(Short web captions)
---------------
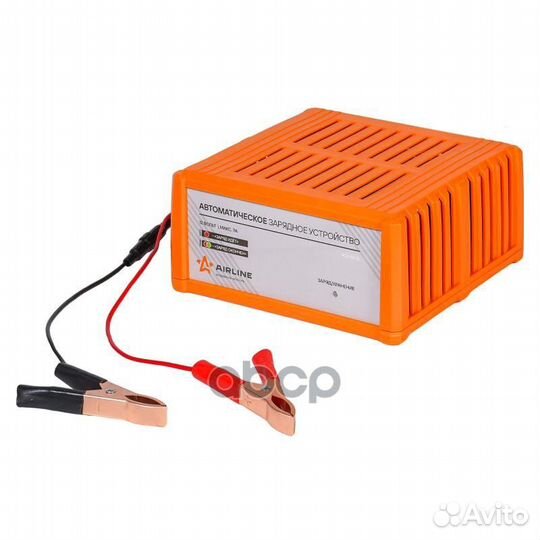 Зарядное устройство 7А 12В, автоматическое, имп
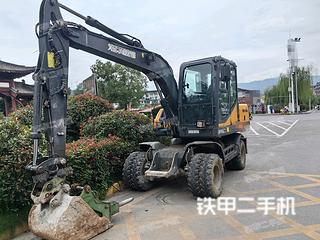 海南新源XYB75SW挖掘機实拍圖片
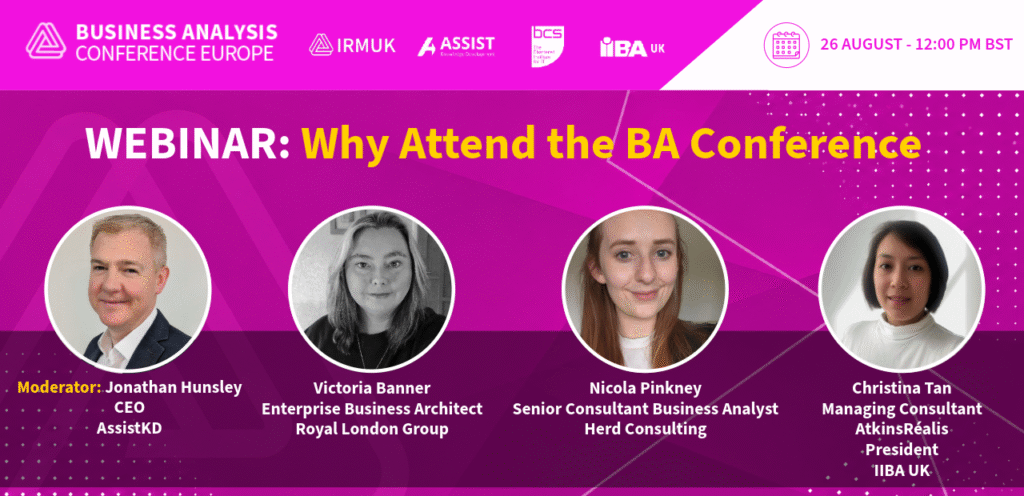 Thinking About BA2026? Here’s Why This Conversation Is Worth 30 Minutes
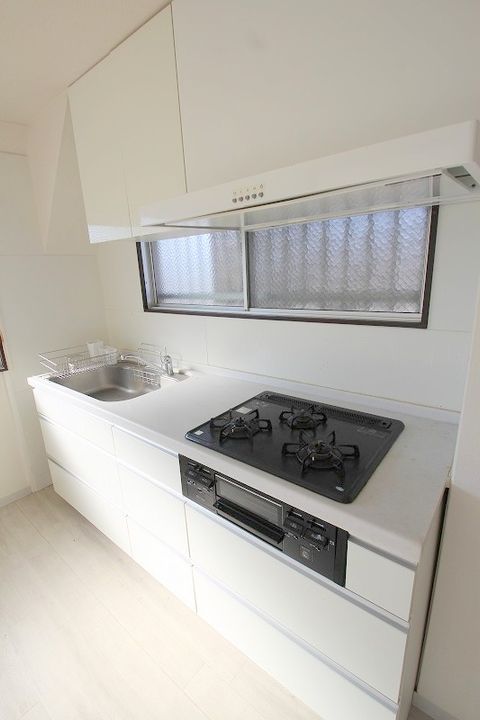 サカエマンションのキッチン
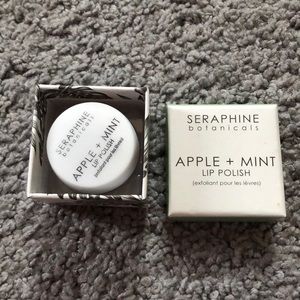 Seraphine Botanicals Apple + Mint Lip Polish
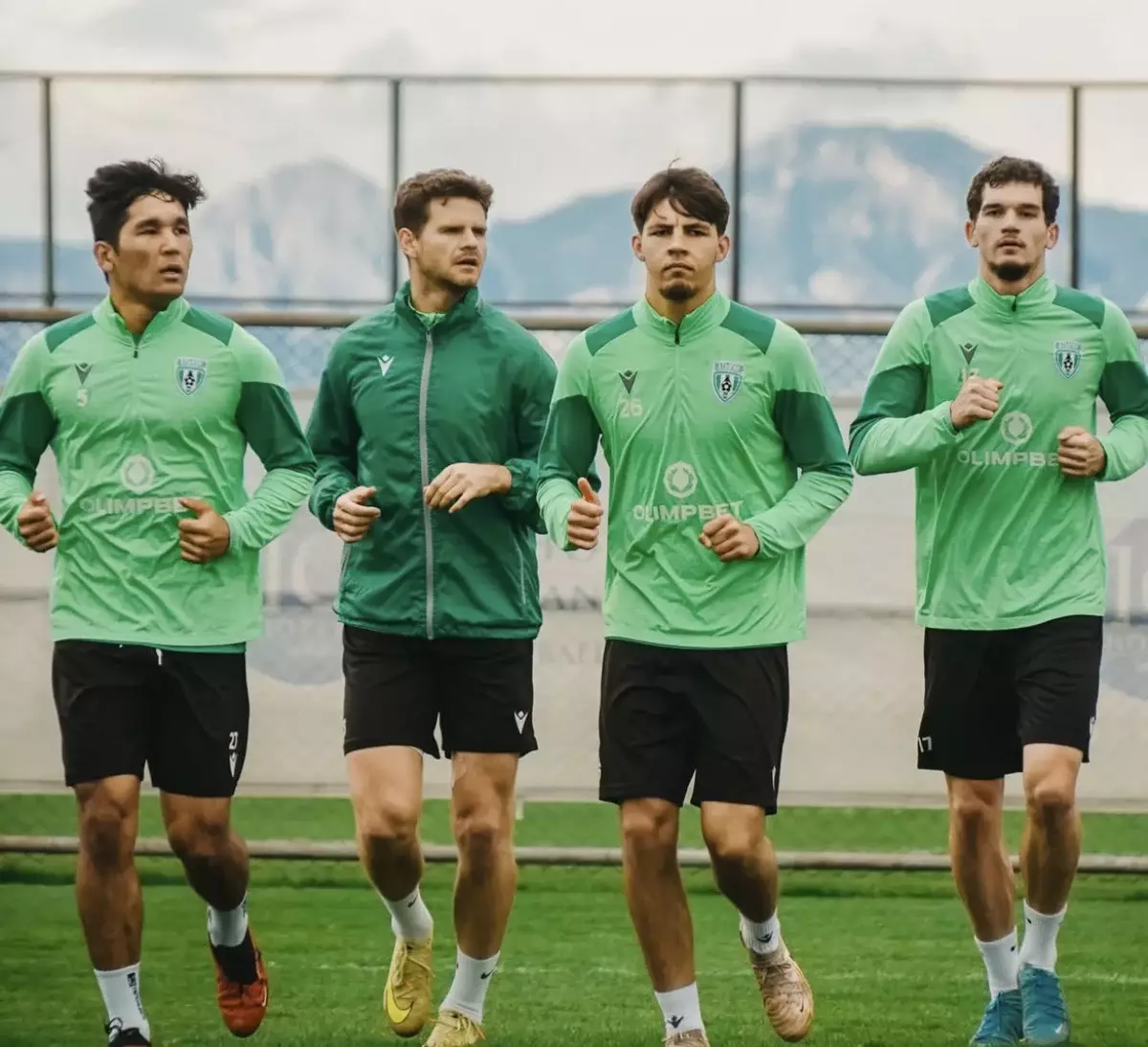 “Атырау” клубындағы ахуал – Виталий Жуковский кете ме?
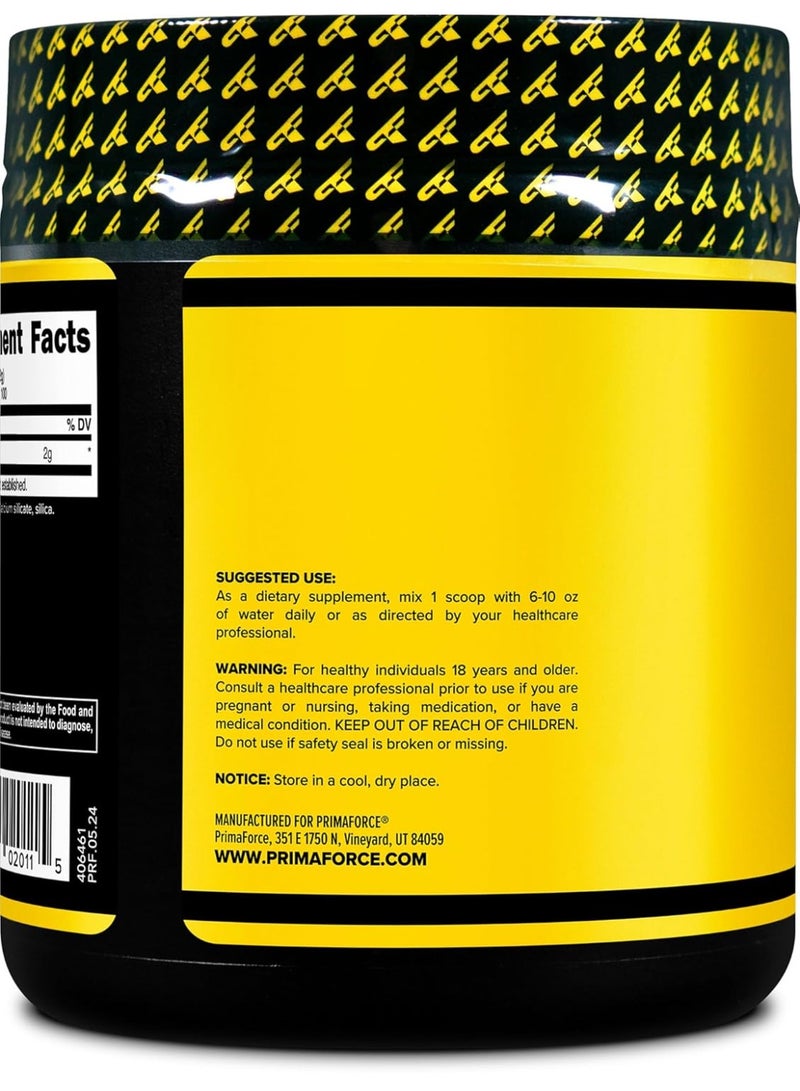 Primaforce Citrulline Malate Unflavored 200g - Image 3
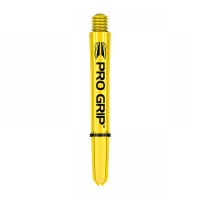 Masquedardos It's called the Target Pro Grip Shaft Intb Yellow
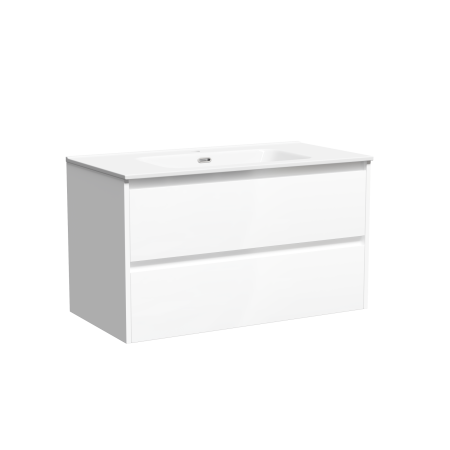 Тумба для раковины Sancos Libra LB90W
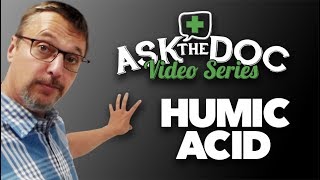 Humic Acid vs Fulvic Acid for Plants  Gardens Ask the Doc [upl. by Lered]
---------------
## [WHAT YOU SHOULD DO]
Would you transcribe each of the entries exactly, skipping the pictures?

## [REPLY]
 Зарядное устройство 7А 12В, автоматическое, имп
 海南新源XYB75SW挖掘機实拍圖片
 Thinking About BA2026? Here’s Why This Conversation Is Worth 30 Minutes
 サカエマンションのキッチン
 Seraphine Botanicals Apple + Mint Lip Polish
 “Атырау” клубындағы ахуал – Виталий Жуковский кете ме?
 Primaforce Citrulline Malate Unflavored 200g - Image 3
 Masquedardos It's called the Target Pro Grip Shaft Intb Yellow
 Тумба для раковины Sancos Libra LB90W
 Humic Acid vs Fulvic Acid for Plants  Gardens Ask the Doc [upl. by Lered]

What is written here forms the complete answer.